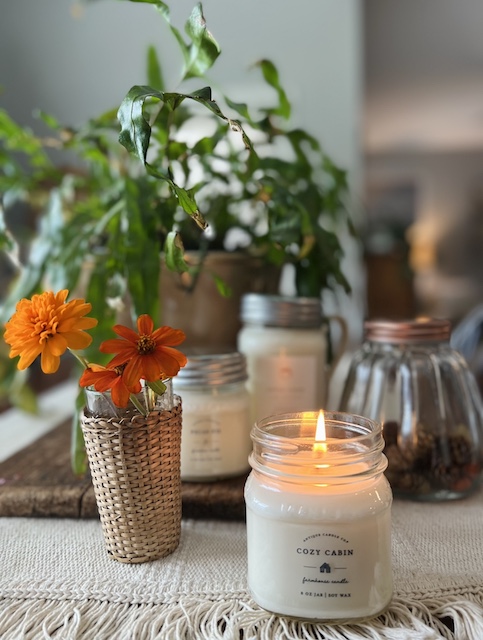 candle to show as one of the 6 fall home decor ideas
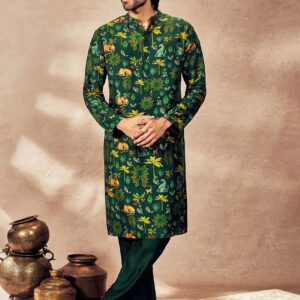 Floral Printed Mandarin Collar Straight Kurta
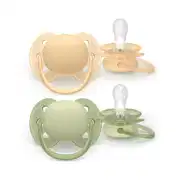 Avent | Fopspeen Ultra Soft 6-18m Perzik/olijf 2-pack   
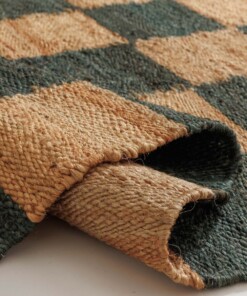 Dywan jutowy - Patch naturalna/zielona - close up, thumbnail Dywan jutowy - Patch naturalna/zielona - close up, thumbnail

★ ★ ★

# ACTION ITEM:
Through the line containing "Avent | Fopspeen" and no further, restate the data above word for word from its first line, leaving out pictures.

# WRITTEN SOLUTION:
 candle to show as one of the 6 fall home decor ideas
 Floral Printed Mandarin Collar Straight Kurta
 Avent | Fopspeen Ultra Soft 6-18m Perzik/olijf 2-pack   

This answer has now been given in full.